Réunification de l'Irlande

projet visant à unir l'île d'Irlande en un seul et même pays

La réunification de l'Irlande est un projet soutenu par une partie des habitants de l'ile d'Irlande et visant à mettre fin à la division de l'ile entre Irlande indépendante et Irlande du Nord sous souveraineté britannique.

L’ile d'Irlande, distinction des deux Irlandes.

Division politique

Page de signatures du traité anglo-irlandais de 1921.

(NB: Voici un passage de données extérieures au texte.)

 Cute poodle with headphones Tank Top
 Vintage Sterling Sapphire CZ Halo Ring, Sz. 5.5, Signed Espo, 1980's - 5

L’ile irlandaise est politiquement divisée en deux États depuis la signature du traité anglo-irlandais signé le qui reconnait simultanément l’existence du nouvel État libre d'Irlande mais aussi la capacité de l’Irlande du Nord de décider de s’unir ou de ne pas s’unir à cet État. Le parlement nord-irlandais ne s’engage pas dans cette possibilité, et a souhaité se maintenir dans le Royaume-Uni, devenant ainsi une nation constitutive du Royaume-Uni. La pleine souveraineté de l'État libre d’Irlande est reconnue de manière informelle par la déclaration Balfour de 1926, puis formalisée par le statut de Westminster de 1931. En 1937, l’État libre d’Irlande prend pour nom simplement « Irlande », et en 1949 il achève de se constituer en l’actuelle république d'Irlande et quitte le Commonwealth des nations.

Fractures idéologiques

La constitution d’un État indépendant du Royaume-Uni sur l’intégralité du territoire de l’ile est l’aspiration historique des républicains et nationalistes irlandais. À l’opposé, les unionistes et loyalistes s’opposent à cette idée, et appuient l’appartenance de l’Irlande du Nord au Royaume-Uni. En 2009, une enquête a reflété que 21 % des citoyens nord-irlandais appuient une Irlande unie[1]. En république d’Irlande, ce pourcentage monte jusqu’à 80 % des sondés. Le Sinn Féin est un parti favorable à la réunification[2]. En Grande-Bretagne, les enquêtes montrent un appui proche de 40 % pour cette idée.

L’idée d’une Irlande unie a été envisagée selon différents modèles de réunification : le fédéralisme ou le conféderalisme, en passant par l’État unitaire. L’article 15.2 de la Constitution de l'Irlande, promulguée en 1937, prévoit la possibilité de dévolution à l’État irlandais. En 1999, les articles 2 et 3 de la Constitution ont été amendés pour abandonner la revendication territoriale sur le Nord, en complément du pacte de l’accord du Vendredi saint[3].

Histoire récente

1921-1973, la partition

La délimitation des frontières de l’Irlande en 1921 venait de facteurs démographiques, économiques, religieux et politiques. En termes démographiques les six comtés constituant l’Irlande du Nord contiennent une majorité pro-britannique et protestante, ce qui favorise l’union avec la Grande-Bretagne. Les 26 comtés de la République sont majoritairement peuplés de catholiques. En termes politiques, le gouvernement britannique s’est montré réticent dans les années 1920 à retirer sa juridiction à la totalité de l’ile pour des raisons stratégiques ; sa politique depuis 1921 a été — au moins formellement — par rapport à un accord favorable à l’unité irlandaise à chaque fois que le Nord était volontairement consentant. En 1940, le Royaume-Uni offrit l’union du Nord avec l’État libre d’Irlande en échange de l’abandon irlandais de la neutralité dans la Seconde Guerre mondiale et son entrée subséquente en guerre contre l’Axe, proposition qui fut rapidement refusée.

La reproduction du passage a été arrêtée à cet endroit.